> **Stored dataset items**

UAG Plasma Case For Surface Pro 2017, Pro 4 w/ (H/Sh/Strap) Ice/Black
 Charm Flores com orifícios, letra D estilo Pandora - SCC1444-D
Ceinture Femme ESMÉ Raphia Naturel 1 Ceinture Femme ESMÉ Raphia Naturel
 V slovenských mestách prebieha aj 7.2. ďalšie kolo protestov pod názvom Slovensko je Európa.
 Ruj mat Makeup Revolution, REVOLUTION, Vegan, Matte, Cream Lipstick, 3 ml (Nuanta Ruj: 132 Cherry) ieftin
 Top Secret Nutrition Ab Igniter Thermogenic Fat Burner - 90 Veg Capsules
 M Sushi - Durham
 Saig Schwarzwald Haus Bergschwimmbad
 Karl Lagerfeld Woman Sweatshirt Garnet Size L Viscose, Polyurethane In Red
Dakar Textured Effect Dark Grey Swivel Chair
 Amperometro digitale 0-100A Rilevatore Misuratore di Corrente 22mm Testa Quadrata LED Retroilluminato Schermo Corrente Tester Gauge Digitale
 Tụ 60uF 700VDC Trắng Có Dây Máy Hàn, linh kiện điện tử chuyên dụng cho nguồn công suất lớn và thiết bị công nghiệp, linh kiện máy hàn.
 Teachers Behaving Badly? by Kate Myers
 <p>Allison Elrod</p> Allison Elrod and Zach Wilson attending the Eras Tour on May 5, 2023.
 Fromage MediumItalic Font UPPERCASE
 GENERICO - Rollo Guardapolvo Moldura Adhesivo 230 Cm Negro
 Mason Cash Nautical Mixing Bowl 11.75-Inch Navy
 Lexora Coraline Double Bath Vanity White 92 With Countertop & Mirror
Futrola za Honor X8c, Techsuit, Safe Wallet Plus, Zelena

> **What you need to do**
Your reply should repeat the entries above in full, with every character intact.

> **Solution to this problem**
UAG Plasma Case For Surface Pro 2017, Pro 4 w/ (H/Sh/Strap) Ice/Black
 Charm Flores com orifícios, letra D estilo Pandora - SCC1444-D
Ceinture Femme ESMÉ Raphia Naturel 1 Ceinture Femme ESMÉ Raphia Naturel
 V slovenských mestách prebieha aj 7.2. ďalšie kolo protestov pod názvom Slovensko je Európa.
 Ruj mat Makeup Revolution, REVOLUTION, Vegan, Matte, Cream Lipstick, 3 ml (Nuanta Ruj: 132 Cherry) ieftin
 Top Secret Nutrition Ab Igniter Thermogenic Fat Burner - 90 Veg Capsules
 M Sushi - Durham
 Saig Schwarzwald Haus Bergschwimmbad
 Karl Lagerfeld Woman Sweatshirt Garnet Size L Viscose, Polyurethane In Red
Dakar Textured Effect Dark Grey Swivel Chair
 Amperometro digitale 0-100A Rilevatore Misuratore di Corrente 22mm Testa Quadrata LED Retroilluminato Schermo Corrente Tester Gauge Digitale
 Tụ 60uF 700VDC Trắng Có Dây Máy Hàn, linh kiện điện tử chuyên dụng cho nguồn công suất lớn và thiết bị công nghiệp, linh kiện máy hàn.
 Teachers Behaving Badly? by Kate Myers
 <p>Allison Elrod</p> Allison Elrod and Zach Wilson attending the Eras Tour on May 5, 2023.
 Fromage MediumItalic Font UPPERCASE
 GENERICO - Rollo Guardapolvo Moldura Adhesivo 230 Cm Negro
 Mason Cash Nautical Mixing Bowl 11.75-Inch Navy
 Lexora Coraline Double Bath Vanity White 92 With Countertop & Mirror
Futrola za Honor X8c, Techsuit, Safe Wallet Plus, Zelena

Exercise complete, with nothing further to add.